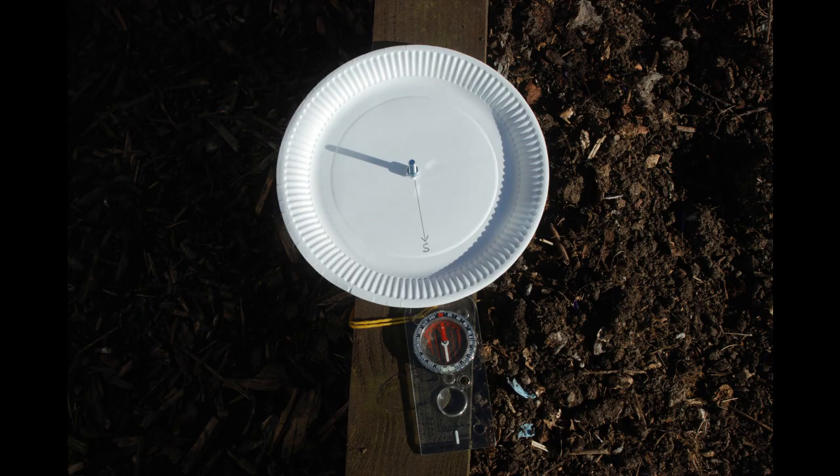It is important that the sundial always points in the same direction, otherwise you won't be able to tell the time. I've used a compass to line my sundial up so that the south on the plate is pointing due south. If you don't have a compass you could just mark the line and line it up with the edge of a table or a work surface or pointing towards a tree — just something so that you know that when you put it back down again it is pointing in exactly the same direction as when you recorded your shadows.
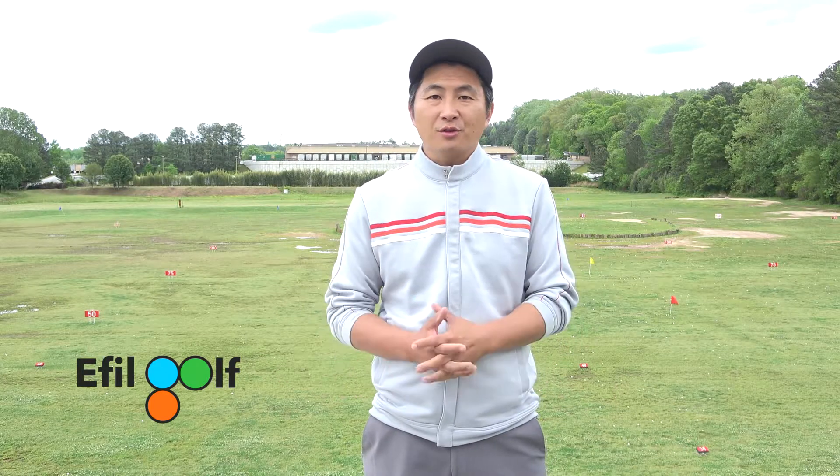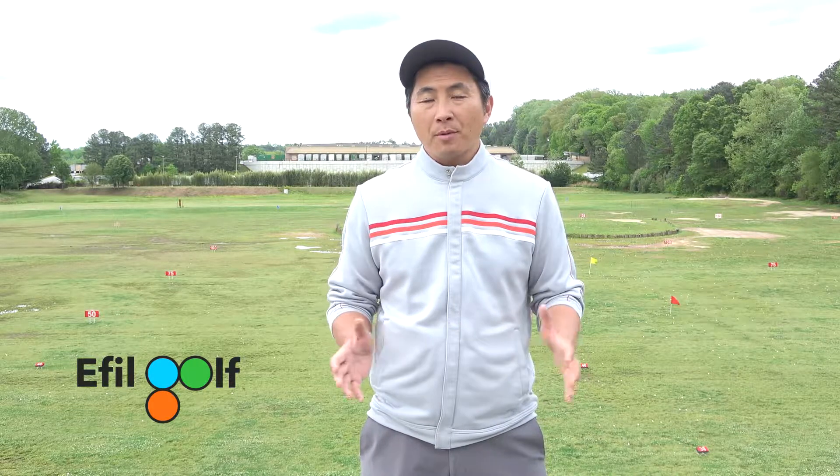Hello everyone, welcome to Air Food Golf Channel. Today I'm going to keep it short. I just want to talk about the three stages of learning golf.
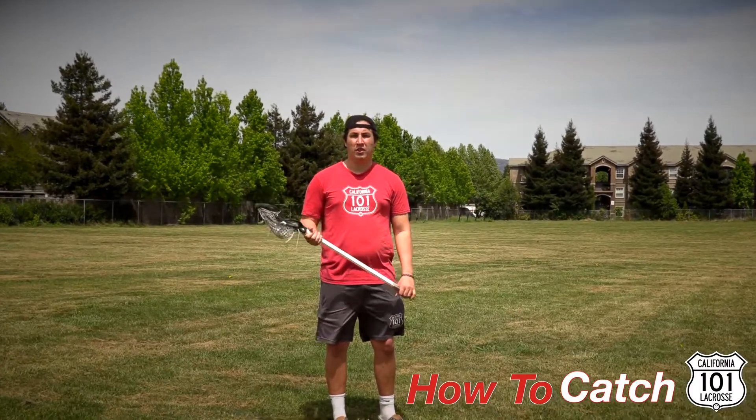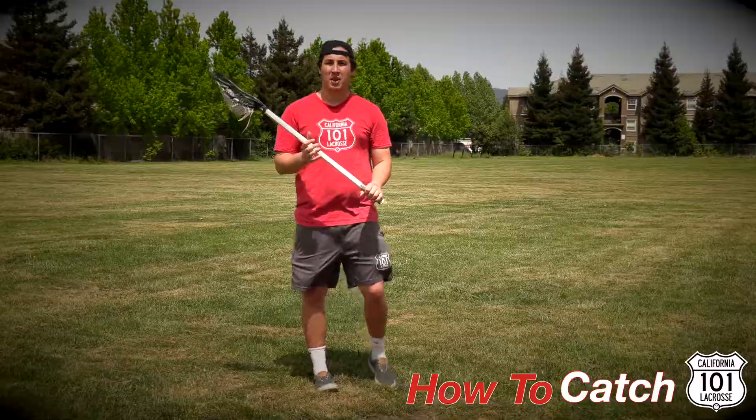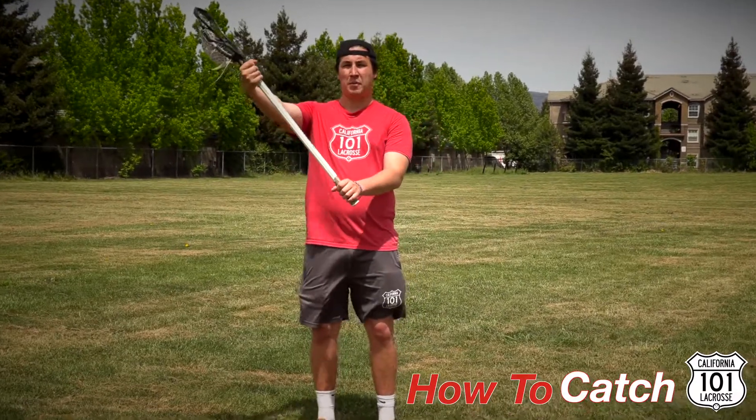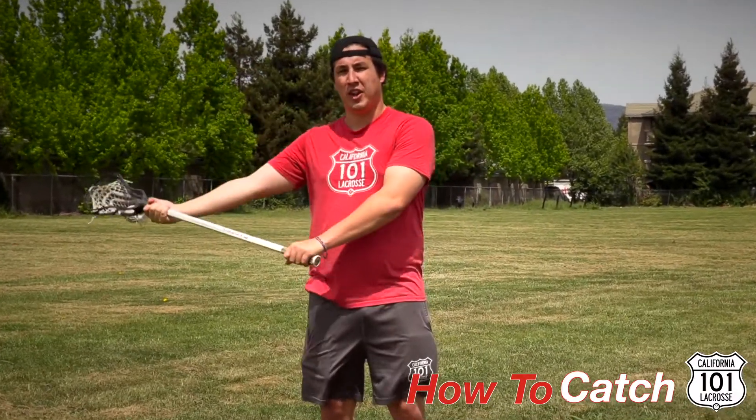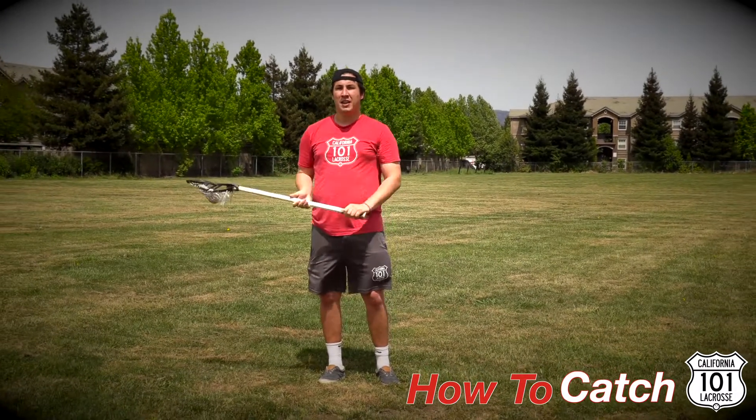Now we're going to go over catching the ball, right after throwing. We want to emphasize our top hand placement — we don't want to have our hand on the top of our stick, as this limits our catch radius. If we drop our hand down, we're able to catch a lot further away from our body.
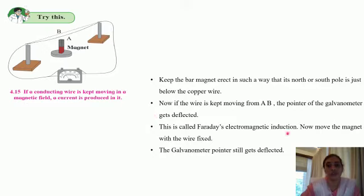This is called Faraday's electromagnetic induction. Moving the magnet with the wire fixed also causes the galvanometer pointer to deflect. What we conclude from this experiment is that the current will be induced in the wire only if there is relative motion between the wire and the bar magnet. The direction of deflection in the galvanometer needle is going to get reversed if the direction of motion is reversed — the direction of the current reverses, and hence the deflection in the galvanometer needle is also reversed. This is the first experiment studied with respect to electromagnetic induction.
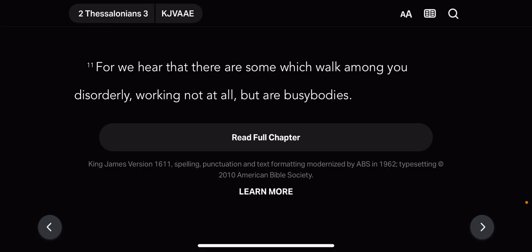Let's get to Matthew, Matthew chapter 6. Verse 19: 'Lay not up for yourself treasures upon earth, where moth and rust do corrupt and where thieves break through and steal. But lay up for yourselves treasure in heaven, where neither moth nor rust do corrupt, where thieves do not break through nor steal.' That means work.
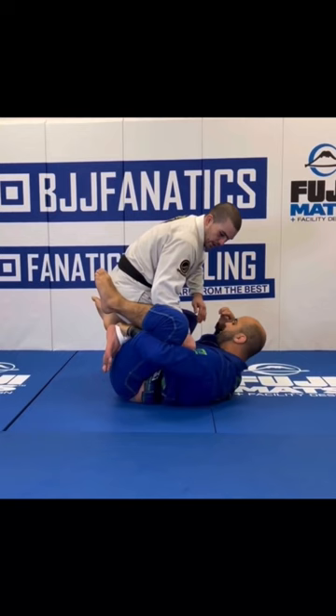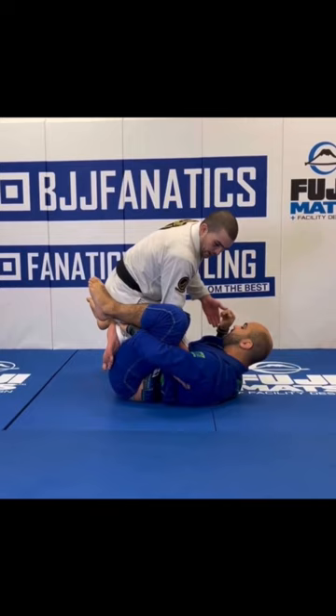So my hands go in here to here. I start to fall across because I shot my knee as hard as I could in front of me. And I'm starting to get this underhook. My hand goes to the mat.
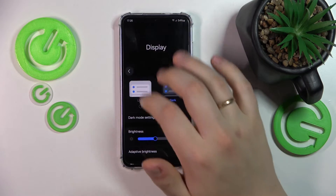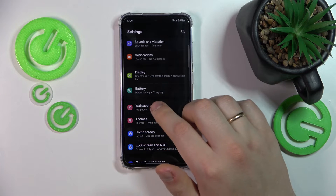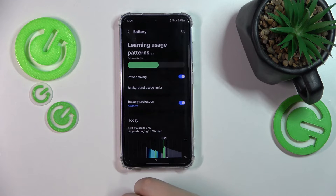On top of that, you can also enable the Power Saving Mode, which will help you even further — but that's optional. Go into the Battery category of Settings and just enable Power Saving Mode.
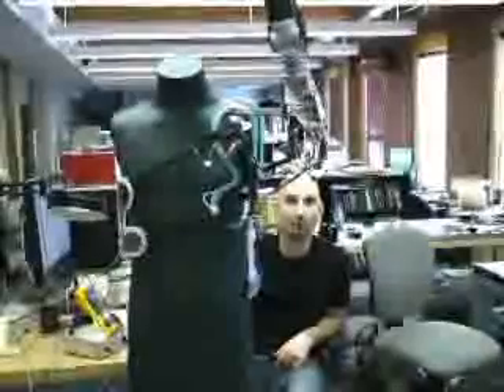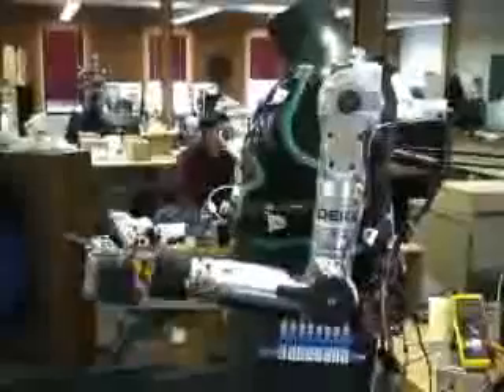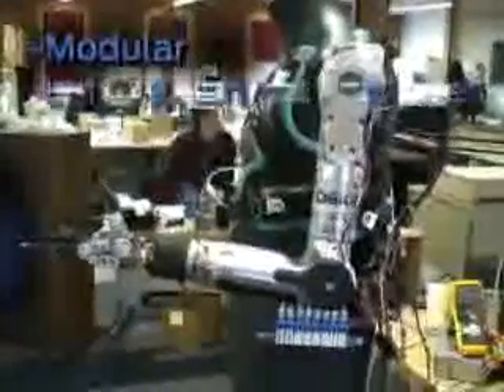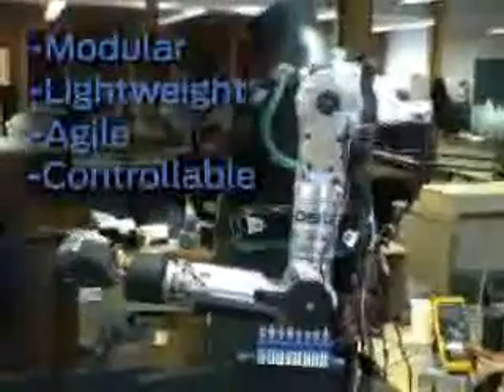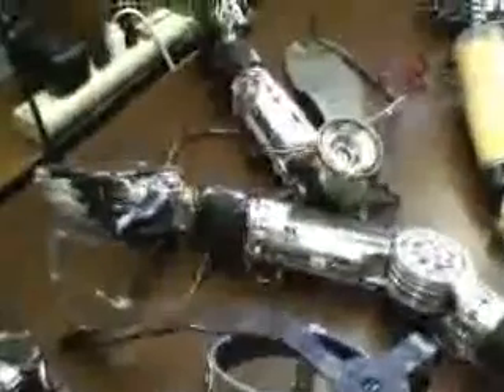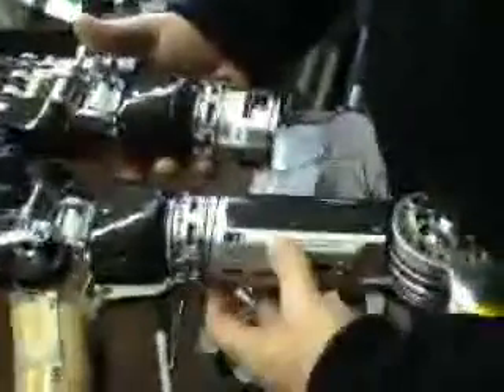Kamen's team decided that the arm needed four main characteristics: it had to be modular, lightweight, agile, and it had to support customizable controls. The arm is modular, so they can take pieces of it to fit all three levels of upper-limb amputation. DECA engineers built the arm in independent sections so it could be customized for any amputee — from the hand, they can add a forearm, an elbow, and even a shoulder socket.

• TASK DETAILS
Reproduce exactly and only the lines from the line that contains "On top of that, you" to the end of the data above, both ends included. No pictures go in the copy.

• RESULT
On top of that, you can also enable the Power Saving Mode, which will help you even further — but that's optional. Go into the Battery category of Settings and just enable Power Saving Mode.
Kamen's team decided that the arm needed four main characteristics: it had to be modular, lightweight, agile, and it had to support customizable controls. The arm is modular, so they can take pieces of it to fit all three levels of upper-limb amputation. DECA engineers built the arm in independent sections so it could be customized for any amputee — from the hand, they can add a forearm, an elbow, and even a shoulder socket.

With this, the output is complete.